• **The problem**:
Copy out the listing in full, exactly as written, but not its pictures.

——

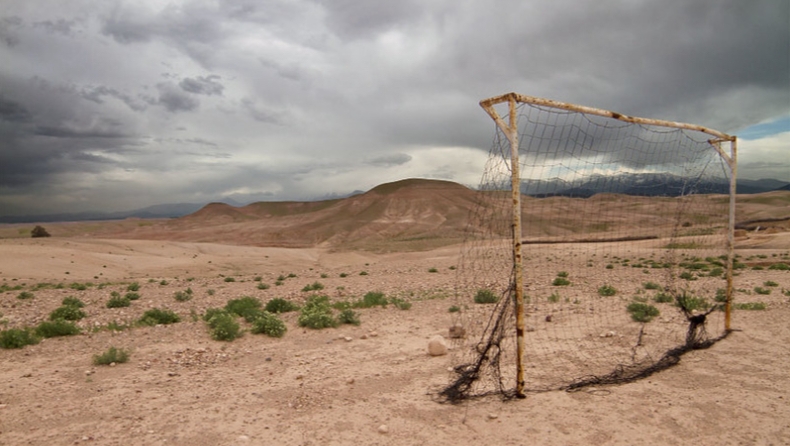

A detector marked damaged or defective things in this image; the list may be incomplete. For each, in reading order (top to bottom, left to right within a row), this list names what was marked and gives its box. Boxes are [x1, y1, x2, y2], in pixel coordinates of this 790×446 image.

rusty metal post [482, 93, 524, 398]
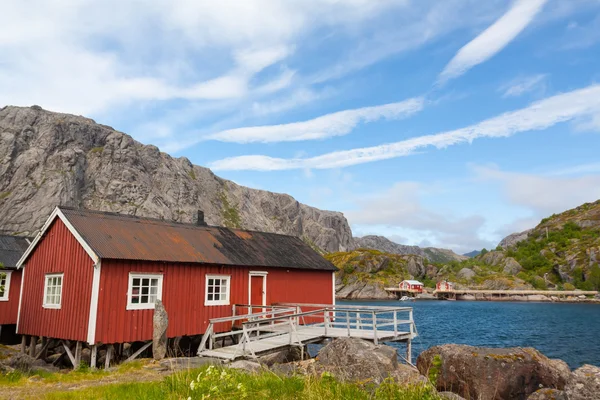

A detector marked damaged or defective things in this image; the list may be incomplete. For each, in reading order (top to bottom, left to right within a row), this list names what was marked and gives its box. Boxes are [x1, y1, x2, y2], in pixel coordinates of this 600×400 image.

rusty roof [0, 234, 31, 268]
rusty roof [58, 208, 336, 270]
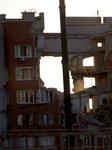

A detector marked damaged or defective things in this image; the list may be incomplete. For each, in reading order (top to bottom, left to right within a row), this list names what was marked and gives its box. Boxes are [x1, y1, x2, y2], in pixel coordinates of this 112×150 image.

damaged apartment building [43, 16, 112, 128]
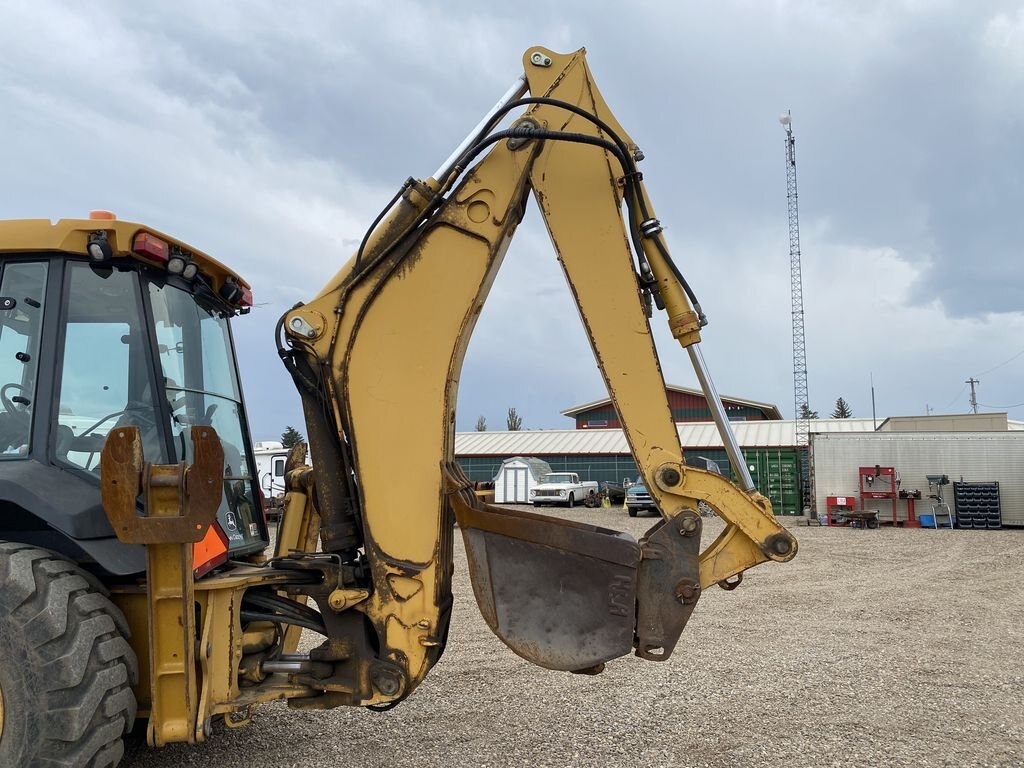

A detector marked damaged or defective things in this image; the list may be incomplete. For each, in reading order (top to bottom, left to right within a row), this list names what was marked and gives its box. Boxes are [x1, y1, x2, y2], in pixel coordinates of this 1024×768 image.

rusted metal surface [454, 493, 638, 671]
rusted metal surface [630, 512, 704, 663]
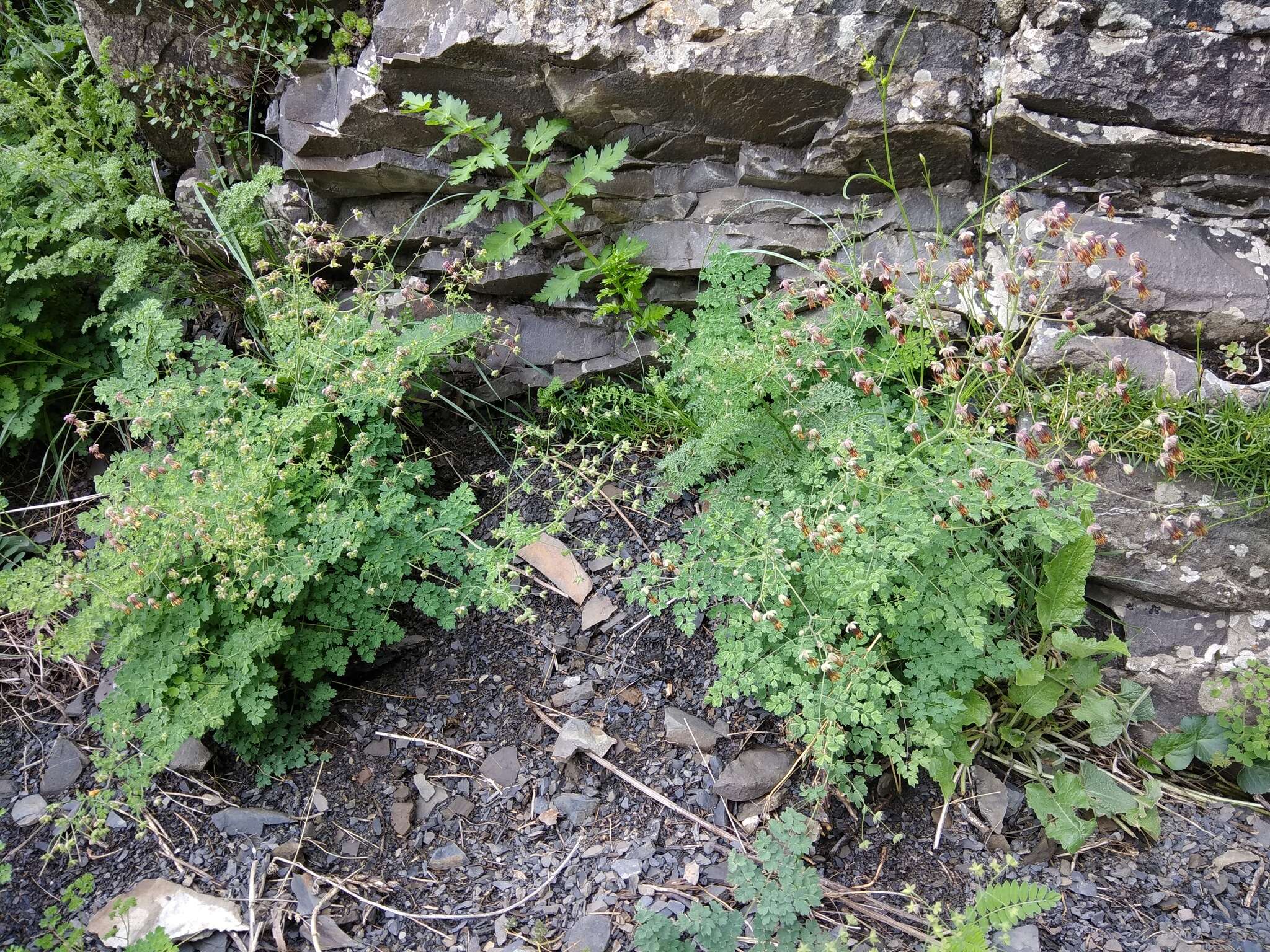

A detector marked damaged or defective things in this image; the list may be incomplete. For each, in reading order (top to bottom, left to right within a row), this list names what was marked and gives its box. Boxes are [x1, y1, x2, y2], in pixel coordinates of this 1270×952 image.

——

• **Exercise output**:
A detector marked damaged or defective things in this image; the list may be incomplete. For each, in reading order (top to bottom, left to right within a row), this list names what was marked and gives its box. Boxes are [x1, y1, x2, y2], in pixel coordinates of this 790×446 image.

rusty metal post [482, 93, 524, 398]

A detector marked damaged or defective things in this image; the list may be incomplete. For each, in reading order (top to bottom, left to right within a row), this list names what was marked and gives its box. Boxes are [x1, y1, x2, y2], in pixel coordinates of this 600×400 image.

rusty roof [0, 234, 31, 268]
rusty roof [58, 208, 336, 270]

A detector marked damaged or defective things in this image; the list may be incomplete. For each, in reading order (top to bottom, left to right within a row), this list names what was marked and gives its box. Boxes are [x1, y1, x2, y2], in pixel coordinates of this 112×150 image.

damaged apartment building [43, 16, 112, 128]

A detector marked damaged or defective things in this image; the list may be incomplete. For each, in reading order (top to bottom, left to right within a row), this list names what was marked and gives its box. Boxes are [x1, y1, x2, y2], in pixel coordinates of this 1024×768 image.

rusted metal surface [454, 493, 638, 671]
rusted metal surface [630, 512, 704, 663]

A detector marked damaged or defective things in this image; the list may be incomplete. For each, in reading order (top to bottom, left to right within a row), this list names what was marked and gives its box. Boxes are [x1, y1, x2, y2], in pixel coordinates of this 1270×952 image.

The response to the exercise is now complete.